Donald Lev and I weren’t close, but we were familiar. To tell the truth, he and his late wife, Enid Dame, always intimidated me. They brought out the shy in me that I’ve worked hard to overcome. It certainly wasn’t because they were unapproachable. I’d seen them at readings around the Hudson Valley for years before I dared to speak to them, complementing them on their work. I probably first saw them at Bob Wright’s version of the Woodstock Poetry Society back in the late ‘90s or early ‘00s, maybe earlier.
They were anything but aloof. However, their work was so finely honed, each word carrying so much meaning, I could not believe that I’d have anything to talk about with writers of this caliber. I was wrong of course, yet, I never quite got over that sense of awe. I would eventually come to greet them both at readings, swallowing my fear. I even participated in a private poetry workshop with Enid, just three of us in the group, and I still have my notes from that. Midrashic themes were her specialty, and Lilith was her favorite character. When she died in 2003, Hudson Valley poetry was devastated by her loss. None, however, more so than Donald.
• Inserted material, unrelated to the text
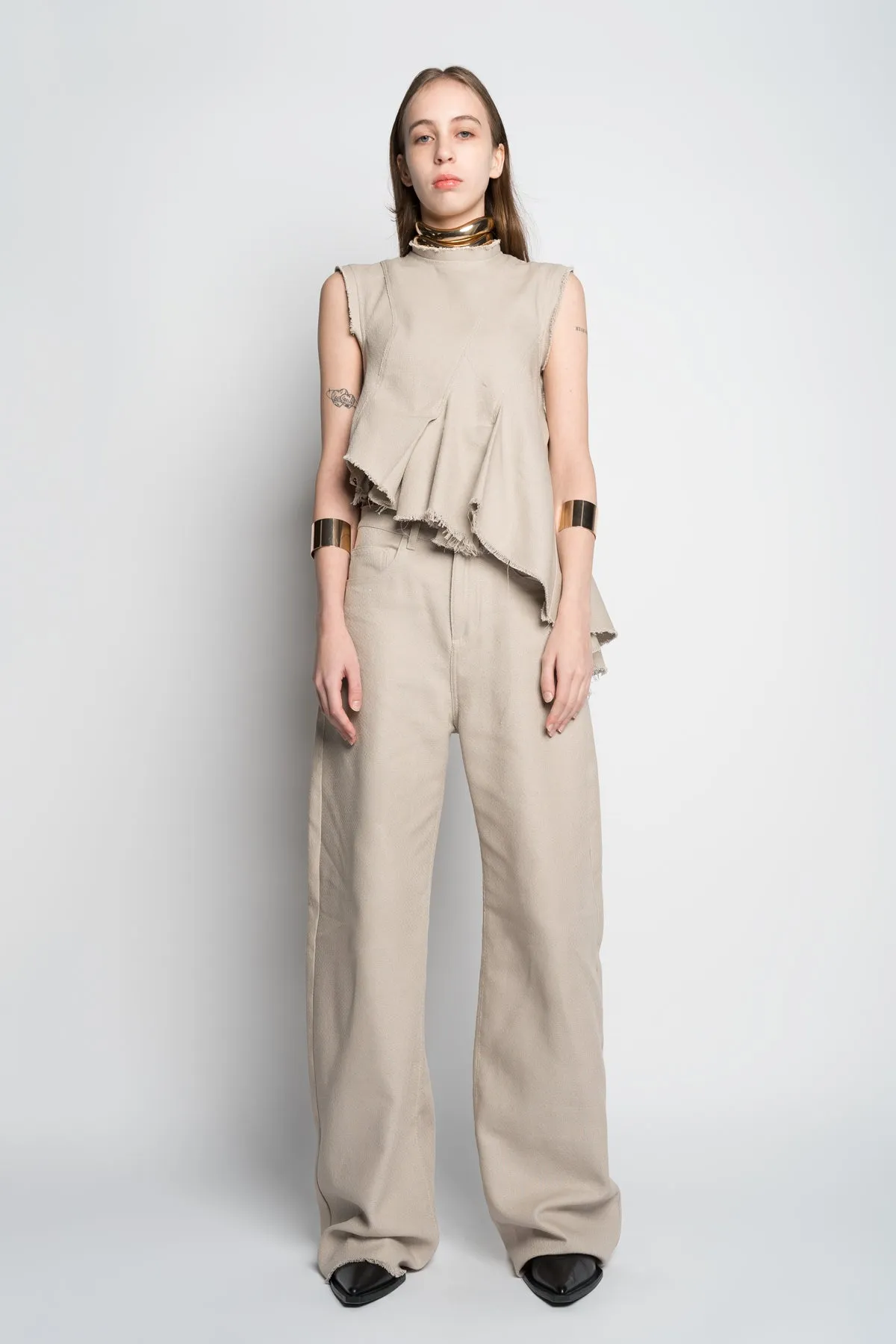 BEIGE WOVEN SLEEVELESS TOP WITH ASYMMETRIC HEM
Donald was accomplished in his own right, yet seemed to hover a bit in Enid’s shadow, or as much of a shadow as poets can muster. His themes were more broad ranging than hers, and his work after her death reflects this especially. He was frequently introduced as one of the “stars” of the underground classic Putney Swope, and late in life, he wrote a series of poems based on the movies he saw at Upstate Films in Rhinebeck, a local art house cinema. He wrote about politics, religion, family, and Enid. He frequently read her work as often as his, keeping it alive for all of us, knowing poetry lives best when spoken aloud.
More recently, he lost the ability to drive and depended upon the kindness of other poets for transportation. He was often assisted up to the mic as our own Elder Statesman. His final illness was relatively brief, punctuated by a short rally in rehab where Donald pined for pen and paper. But in the end, the body was ready, and in truth, the spirit seems to have been ready for much longer. Nevertheless, we will miss that funny, gloomy fellow with the glass of red wine at the end of the bar. As much of a Brooklynite as he was, film “star”, literary hero, and member of a swiftly departing posse of ‘60s Lefties whose wisdom we sorely need about now, he became a part of this Hudson Valley. May his memory be a blessing, and a light.